The third fragment has an intact wedge shape that can be analysed and measured. However, in fragmentary segmental femoral fractures (AO/OTA 32C3), the main third fragment cannot be identified owing to multiple fragments and lack of standardisation. Therefore, other parameters for risk factor evaluation are needed. The concept of ‘exposed nail length’ was introduced in this study, which suggests that the characteristics of the third fragment can alter the local environment, similar to the hypothesis of previous studies regarding AO/OTA 32B2 fractures. It is partially similar to the residual fracture gaps in simple fractures, which are caused by distraction or mal-reduction of angulation and rotation. However, there is a lack of compatibility in terms of strain. According to Parren’s strain theory, fracture gaps in simple fractures result in higher strain compared with comminuted fractures.

In this study, only exposed nail length was associated with non-union in the multivariate analysis. In contrast to previous findings24,26, other demographic variables, which are well-known risk factors for non-union, did not show significance in our study. An exposed nail length cut-off of 19.1 mm was identified. This finding holds notable importance regarding the non-union rate and could be utilized as valuable evaluative criteria for supplementary interventions, such as cerclage wiring and augmentation plating. Although their effectiveness is unclear and debatable, these procedures could be considerable as an alternative to reduce non-union risk. Obviously, it is important to give careful consideration to the soft tissue surrounding the fracture. Anteroposterior, lateral and oblique views are typically used to detect bone defects in a clinical setting, and thus, the defects may not be visible depending on the projection angle of the c-arm. Furthermore, theoretically, if the fracture involves severe comminution, the exposed nail length will inevitably increase. In actual clinical practice, we suggest using twice the nail diameter instead of 19.1 mm.

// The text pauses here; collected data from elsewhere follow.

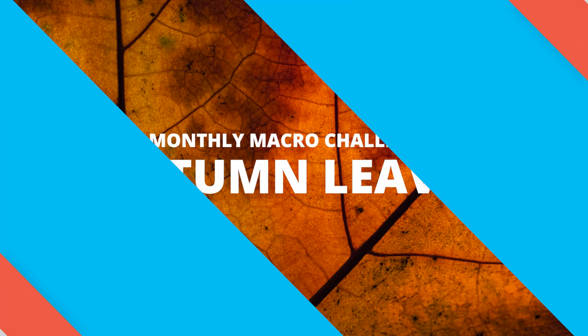November is a new month which means we need a new theme. The theme for November is going to be autumn leaves, so you can go outside and find some leaves falling off the trees or some brand new leaves. We just want to see macro and close-up images of leaves, so make sure to head over to the Adaptalux photography community group and post your images on that pinned post at the top of the group to be entered into November's challenge.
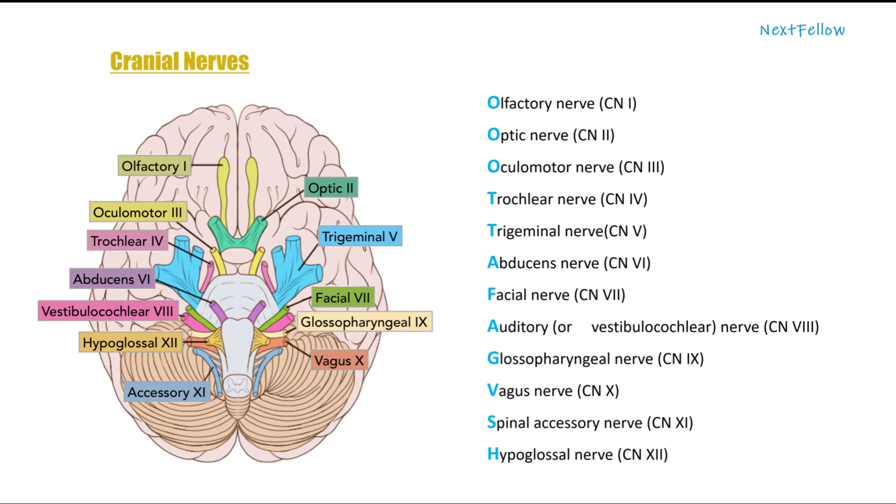Cranial nerve 1 is the olfactory nerve. Cranial nerve 2 is the optic nerve. Cranial nerve 3 is the oculomotor nerve. Cranial nerve 4 is the trochlear nerve. Cranial nerve 5 is the trigeminal nerve.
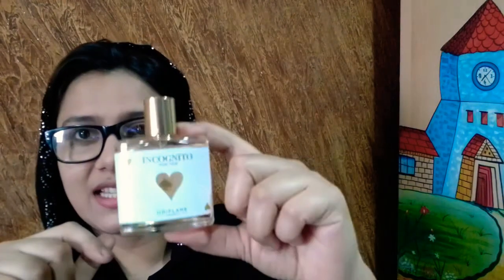It has a sort of citrus and fruity kind of fragrance. So if you like fragrances with citrus and fruity extracts, you must go for it. This is an amazing and budget-friendly perfume.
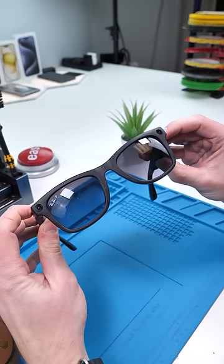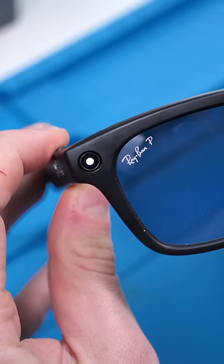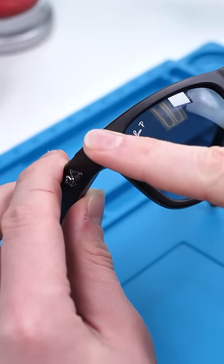Well, for starters, you have an LED indicator to tell other people that you're recording them. But what would happen if, you know, you covered that indicator?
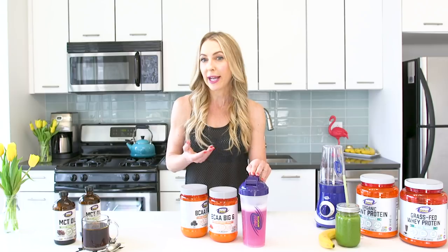It comes in watermelon and grape flavors. All you do is add a full scoop to your water bottle or shaker, and you've really got your ideal workout beverage.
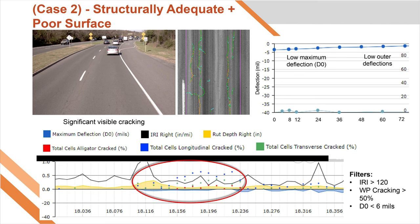The benefit of having structural data to supplement current practices is that it provides more insight for decision makers, leading to more informed decisions and more efficient capital allocation.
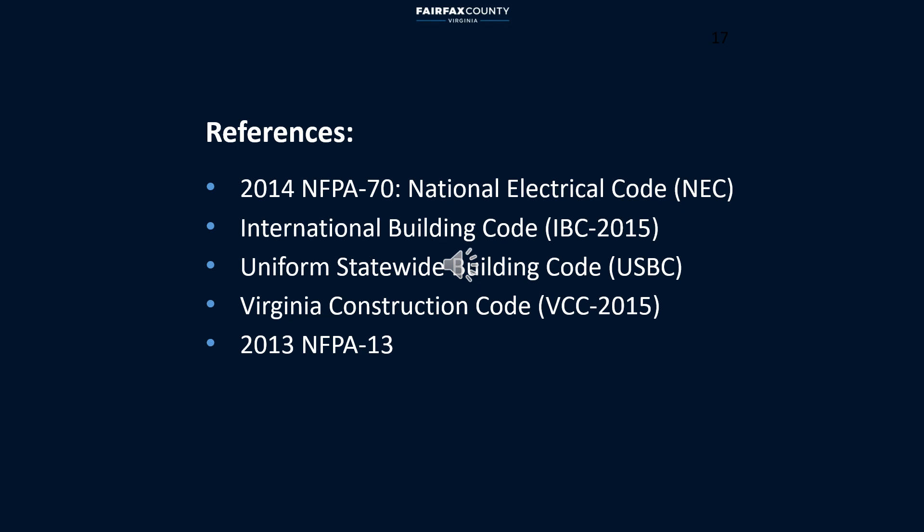These are the books I have used for this presentation. Please keep in mind that NEC and other code books require the minimum for a safe design. I hope you find this information beneficial to your future projects — have a great day.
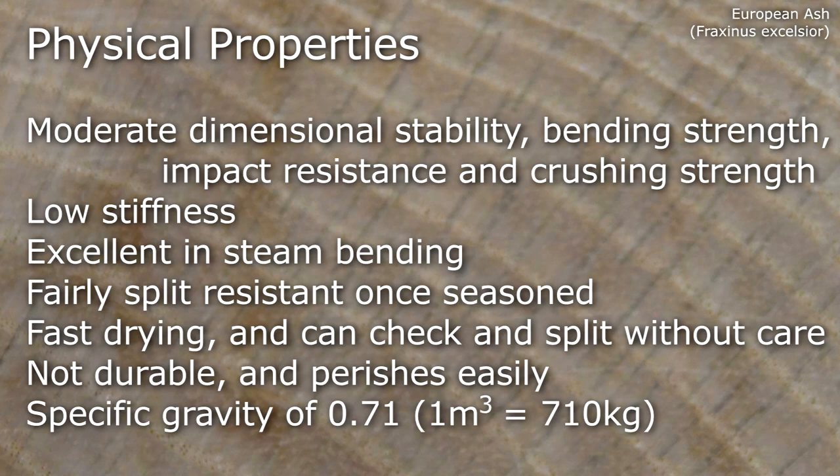It's not durable and perishes easily. It has a specific gravity of 0.71.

This study has several limitations. First, the study design was retrospective, and the sample size of non-union patients was small. However, it is challenging to enrol a high number of patients as femoral shaft fragmentary segmental fractures are relatively rare. Second, 13 patients were excluded from the analysis for different reasons, such as death and loss to follow-up, which could introduce selection bias. Third, various radiological parameters15,38,39 thought to affect fracture healing are not standard or representative of non-union. We attempted to identify significant radiologically measurable parameters that could describe and reflect the morphology of fragmentary segmental femoral fractures (AO/OTA 32C3). Fourth, post-operative reduction states, such as angular and rotational alignment and limb length restoration, were not evaluated, although these can affect the non-union rate. In the subtrochanteric area, varus alignment is a well-known risk factor. Fifth, if the cortical deficiency is extremely large on only one side of the cortex, it can affect the overall result. In this study, no patient had cortical defects on only one side with three intact cortices. Moreover, in the clinical setting, it is difficult to estimate the actual length. Thus, we recommend using the ratio of exposed nail length to nail diameter, with 19.1 mm being approximately double the nail diameter.

To our knowledge, this is the first study to evaluate the risk factors for non-union of femoral shaft fragmentary segmental fractures after reamed antegrade intra-medullary nailing and report radiographic outcomes.

Conclusion

Reamed antegrade intra-medullary nailing for femoral shaft fragmentary segmental fractures (AO/OTA 32C3) showed high rates of non-union (27%) and malalignment (41%). An exposed nail length of > 19.1 mm was associated with non-union. Therefore, patients who underwent intramedullary nailing with an exposed nail length greater than 19.1 mm or about twice the nail diameter should be cautioned of the potential non-union.